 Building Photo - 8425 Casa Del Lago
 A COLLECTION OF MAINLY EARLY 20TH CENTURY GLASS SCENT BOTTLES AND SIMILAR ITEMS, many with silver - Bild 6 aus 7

= = = =

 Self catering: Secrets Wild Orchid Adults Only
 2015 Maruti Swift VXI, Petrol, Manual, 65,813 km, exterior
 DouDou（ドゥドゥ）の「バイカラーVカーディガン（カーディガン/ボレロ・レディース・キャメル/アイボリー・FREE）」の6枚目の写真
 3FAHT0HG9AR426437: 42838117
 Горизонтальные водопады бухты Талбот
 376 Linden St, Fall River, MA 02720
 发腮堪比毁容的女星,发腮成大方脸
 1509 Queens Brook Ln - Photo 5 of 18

= = = =

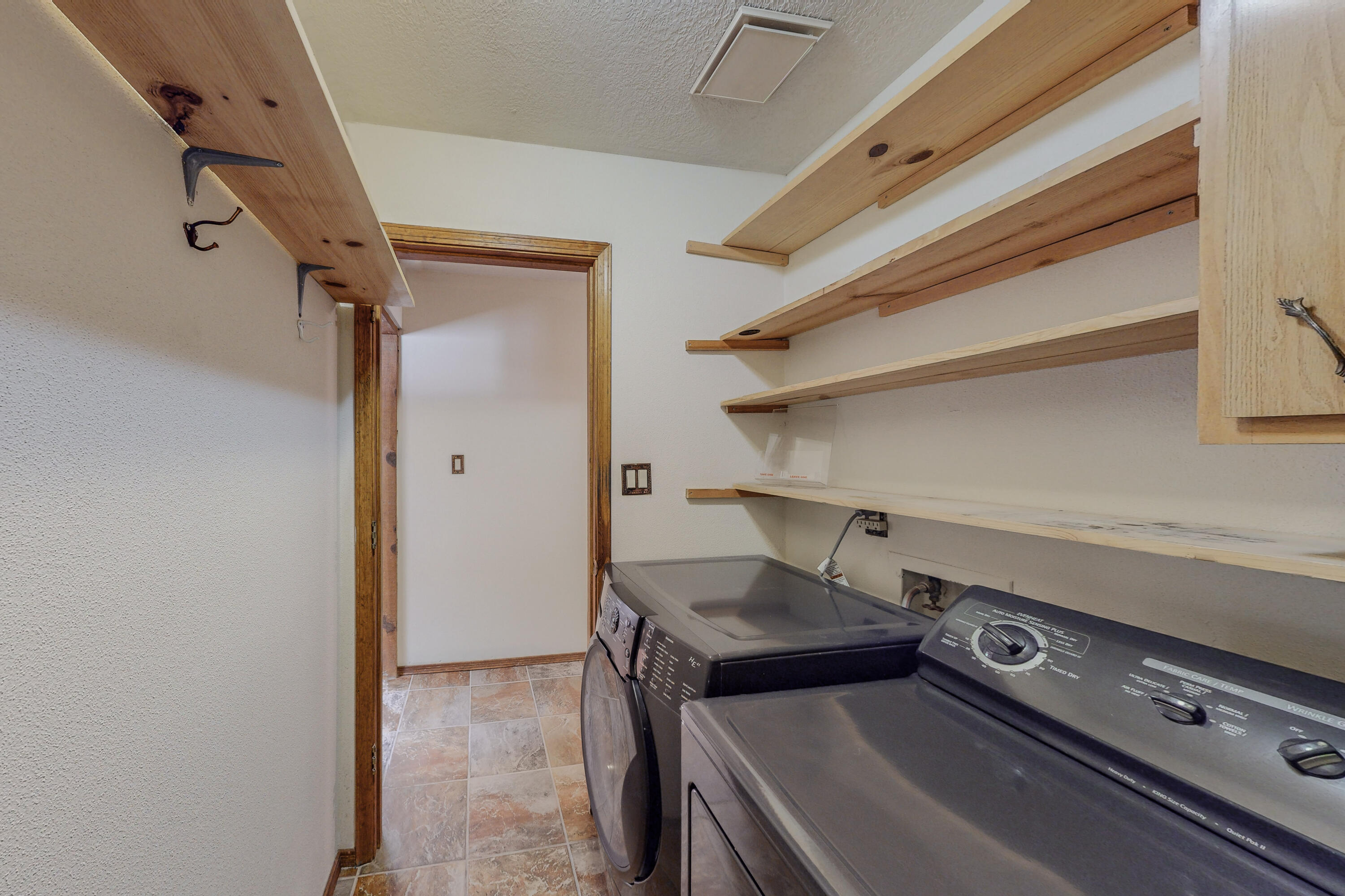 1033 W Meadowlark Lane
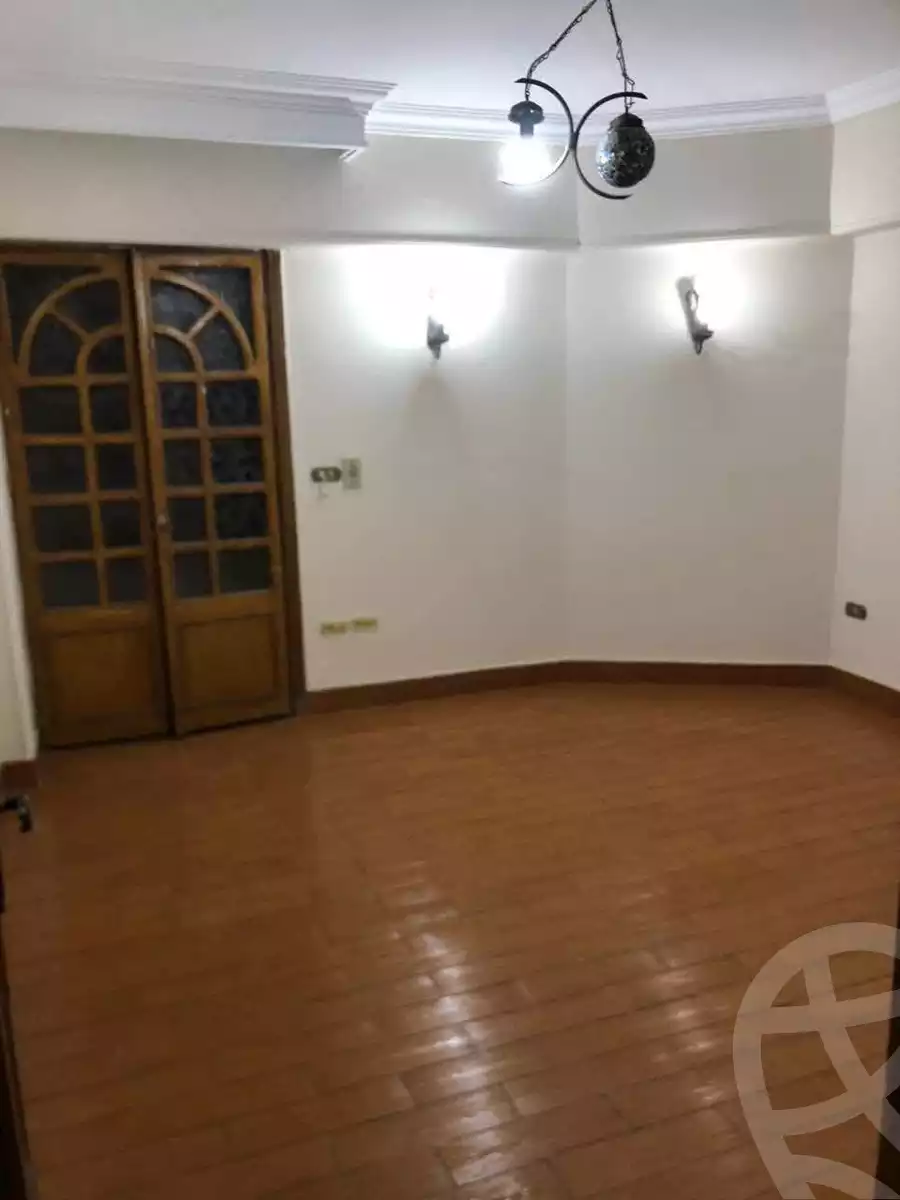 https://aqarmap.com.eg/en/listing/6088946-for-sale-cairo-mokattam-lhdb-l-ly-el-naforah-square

= = = =

## Exercise
Lines in the listing above that contain the word "Photo" must be copied; leave out the rest.

## Exercise solution
 Building Photo - 8425 Casa Del Lago
 1509 Queens Brook Ln - Photo 5 of 18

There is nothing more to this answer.